Take the lines below from the one with "Veggie omelette" through the one with "Sengeramme til juniorseng" and retype them exactly. Include nothing else, and no pictures.
==== Entries supplied ====
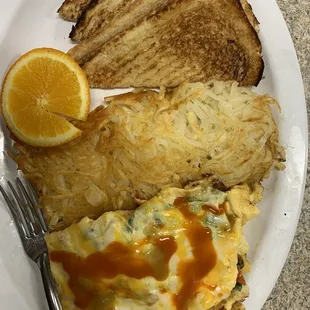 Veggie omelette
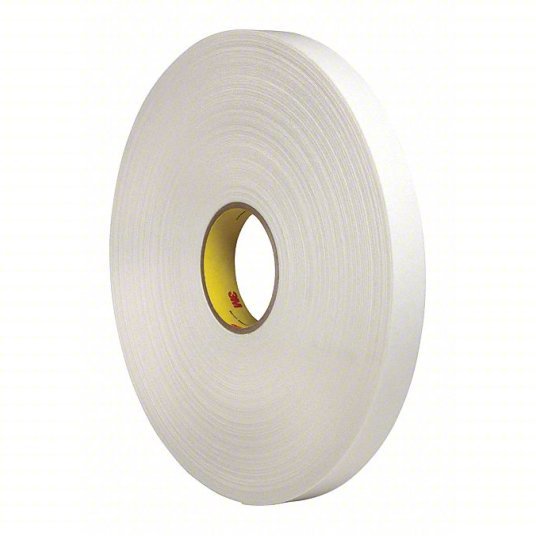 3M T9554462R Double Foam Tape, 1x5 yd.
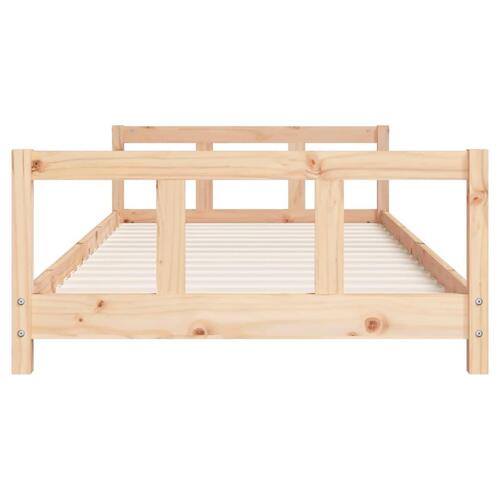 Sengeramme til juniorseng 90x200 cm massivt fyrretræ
====
==== Entries supplied ====
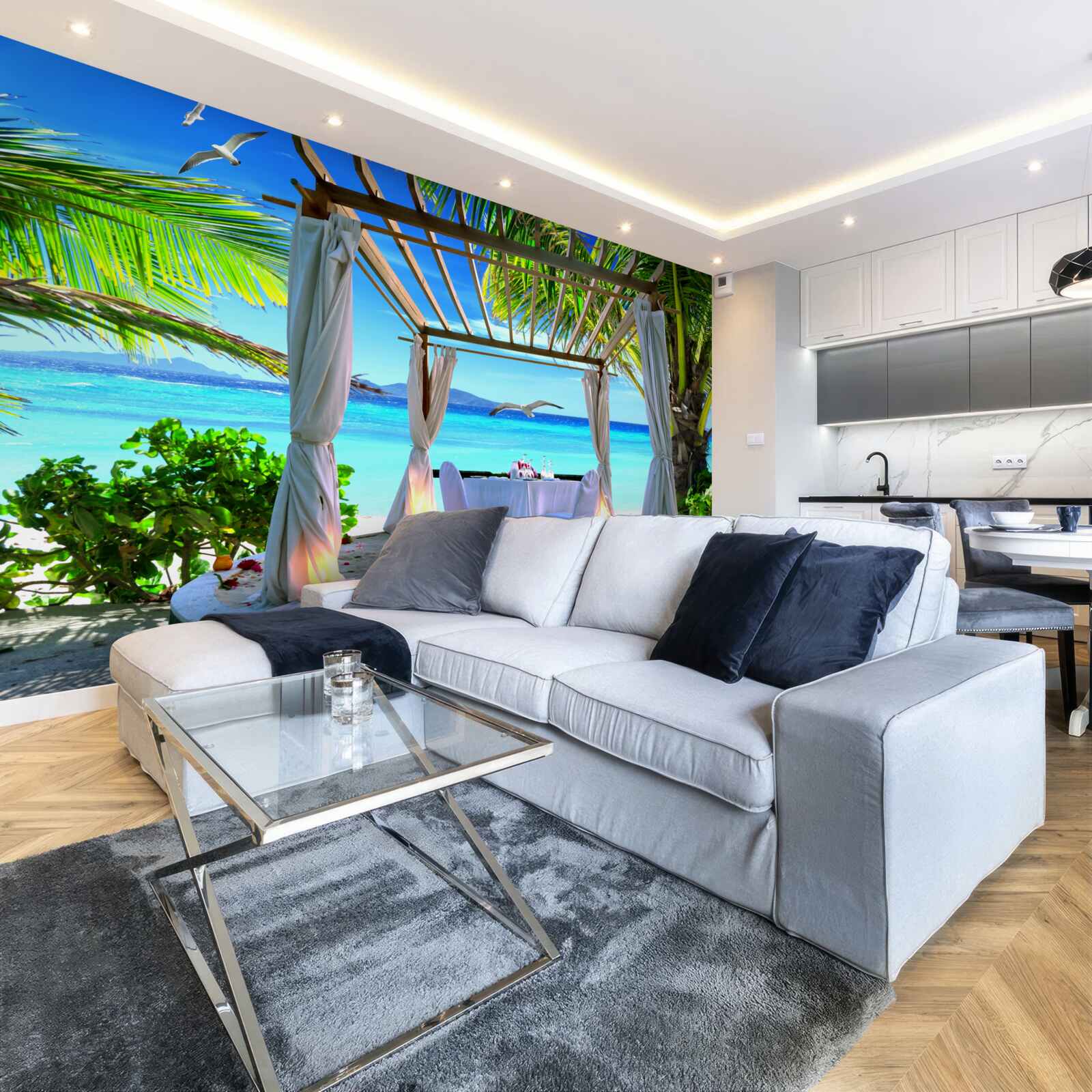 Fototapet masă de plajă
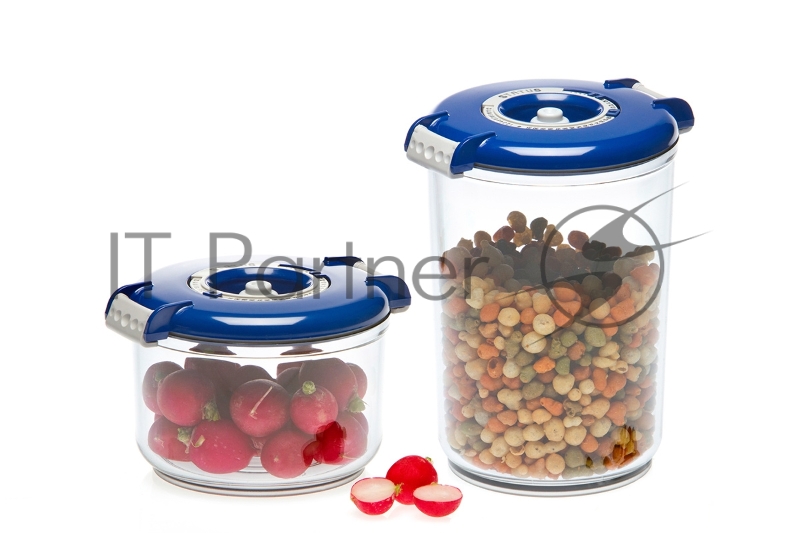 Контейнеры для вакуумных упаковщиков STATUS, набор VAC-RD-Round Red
====
▶ [Written solution]:
 Veggie omelette
 3M T9554462R Double Foam Tape, 1x5 yd.
 Sengeramme til juniorseng 90x200 cm massivt fyrretræ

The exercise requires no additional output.